Rosa carolina is a perennial shrub. The stems have straight, needle-like thorns, which distinguishes it from very similar species such as R. palustris and R. virginiana, which have curved thorns. The fragrant flowers emerge in early summer. Blooms are about 6 to 8 centimeters (2.5 to 3 inches) in diameter, with five light pink petals and a yellow center. Flowers are typically borne singly on the ends of the current year's growth. There is no repeat bloom. The stems of the rose are upright, grayish in color on new growth, and brown on larger, older branches. Foliage is smooth and dark green. The plants proliferate by root spread. New growth will eventually become small to large thickets, anywhere from 0.5 to 1 m (18 to 40 inches) in height.

This plant can be differentiated from other species of wild rose by its larger, pink flowers. They bloom later than many other species and for a shorter time. The shrub also tends to stay lower than other wild rose species. Its rosehips are round, large and have protrusions at the opposite end from the stem. Rosa Setigera, on the other hand, has small, round hips similar to Multiflora and can get large, but usually have a mix of pink and white flowers. Rosa Multiflora only has white flowers. Another invasive, Dog Rose, has pink flowers like setigera, but the hips are large and more cylindrical.

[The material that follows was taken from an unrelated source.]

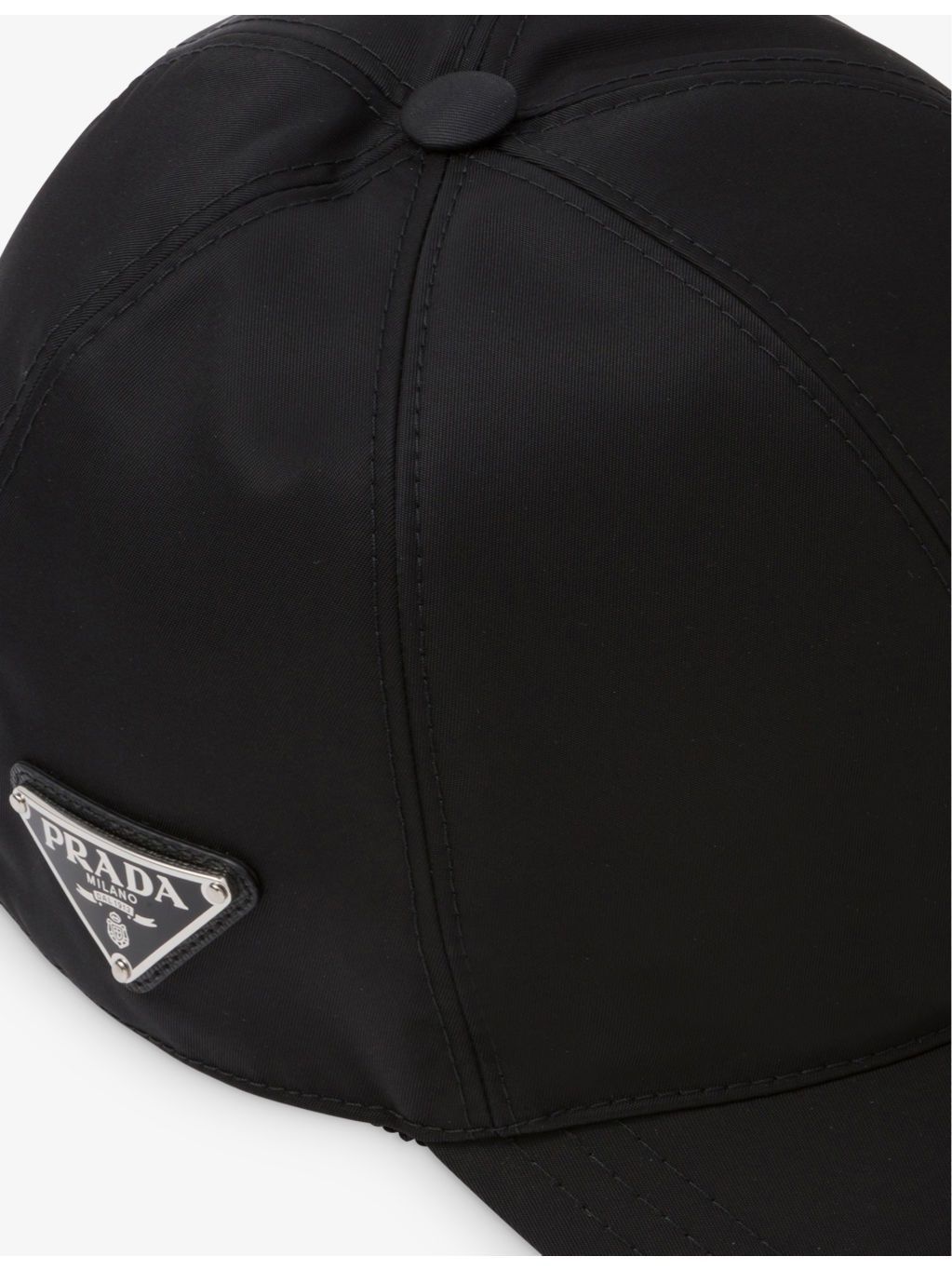 Re-Nylon logo-plaque baseball cap - 2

==Distribution and habitat==
The Carolina rose is frequently found in a wide range of habitats, including dry soils, at the border of prairies, woodlands, and savannas, in thickets, in upland forested areas, and dunes. It also grows in wet soils along stream beds, swamps and low grassy areas. It has a wide range, from Nova Scotia, Canada, south to Florida, west to Texas, and north to Ontario.

==Cultivation==
The Carolina rose can be cultivated. It needs full sun to moderate shade, well-drained soil and regular watering to thrive. The rose hips are edible, although very tart in flavor. The plant is attractive to several species of bees and also provides nesting materials to them.